Os longos silêncios que pareciam feitos dos tentáculos de algum animal mítico. Eram eles que mais a incomodavam. Silêncios cheios de um vazio imensurável e tão vazios que faziam seus ossos doerem. O silêncio invadia todos os mundos em que ela navegava e até as almas andavam caladas, nenhum sussurro a seguia pelos cantos frios da velha casa escura, nenhuma sombra se escondia nas gretas.

Os remédios a tornavam surda a tudo que fosse incomum ou interessante. Ela suspirou e empilhou as panelas, guardou cada prato e copo em seus devidos lugares e depois voltou à massa de pão que descansava sobre a mesa já enfarinhada, onde sovou até que tudo ficasse liso e perfeito, sovou até que os reservatórios de medo estivessem vazios e ocos como a casa estava, sovou até que os nós dos dedos doessem. Depois colocou a massa para descansar e os pensamentos voltaram enquanto ela sentava quieta sem nada mais a fazer além de pensar no marido distante ou lembrar de como eram os movimentos do bebê sob sua tenda de pele.

O bebê tinha sido sua esperança de que o vazio desaparecesse. Na verdade, ele se tornara seu único refúgio a única coisa que tinha se permitido imaginar, a única esperança de futuro, mas agora não havia nada, apenas a lembrança daquela boneca morta que tinha uma pele azul de fada.

Os remédios vieram depois, caixas tarjadas de vermelho e preto que a faziam outra, talvez alguém mais aceitável, alguém que pudessem salvar.O céu estava claro e ela ergueu o rosto, estendeu seu espírito até a entrada da floresta onde sabia que a lua se espraiava e quase pôde ouvir os sussurros enrugados dos espíritos perdidos, podia senti-los agora, mais próximos do que em qualquer outro momento anterior.

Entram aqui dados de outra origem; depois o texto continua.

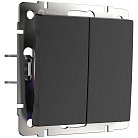 Выключатель двухклавишный с самовозвратом Werkel W1122408 (черный матовый) a062575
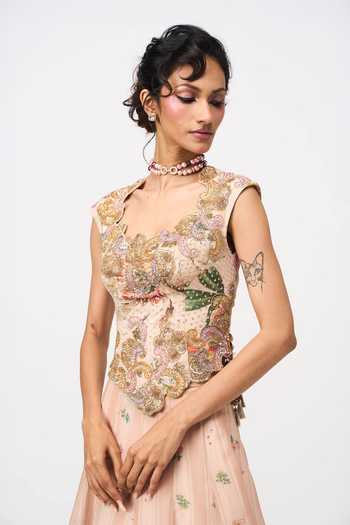 Issa Studio By Chetana & Swathi Peach Organza Sweetheart Neck Arushi Printed Lehenga And Embroidered Blouse Set Online at Aza Fashions Issa Studio By Chetana & Swathi_Peach Organza Sweetheart Neck Arushi Printed Lehenga And Embroidered Blouse Set _Online_at_Aza_Fashions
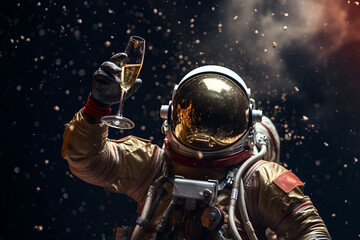 Generative AI, holiday concept. happy New Year background. cosmonaut in space with champagne. Cosmic Christmas - obrazy, fototapety, plakaty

Voltou rápido e agradeceu por estar sozinha. Não havia perigo de ser vista imaginando. Foi deitar e da cama ouviu quando um dos espíritos abandonados derrubou as panelas, pensou vagamente que ratos eram mais fáceis de controlar do que espíritos com senso de humor duvidoso.

Não tomou os remédios, mas empilhou as pílulas num canto do criado mudo. Olhou um pouco para elas , depois vestiu a camisola, apagou as luzes e caminhou no escuro, quando chegou à cozinha o espírito arranhava a porta e ela bocejou enquanto refazia o intrincado equilíbrio das panelas.

Lá fora o vento zumbia nas árvores, o ar se tornava subitamente gelado e os sussurros quase se tornaram uma palavra. Pensou vagamente no quanto os espíritos podem ser aborrecidos quando eram ignorados, despiu a camisola e enfiou-se nas cobertas. Sonhou que amamentava a pequena fada e que ambas tinham asas.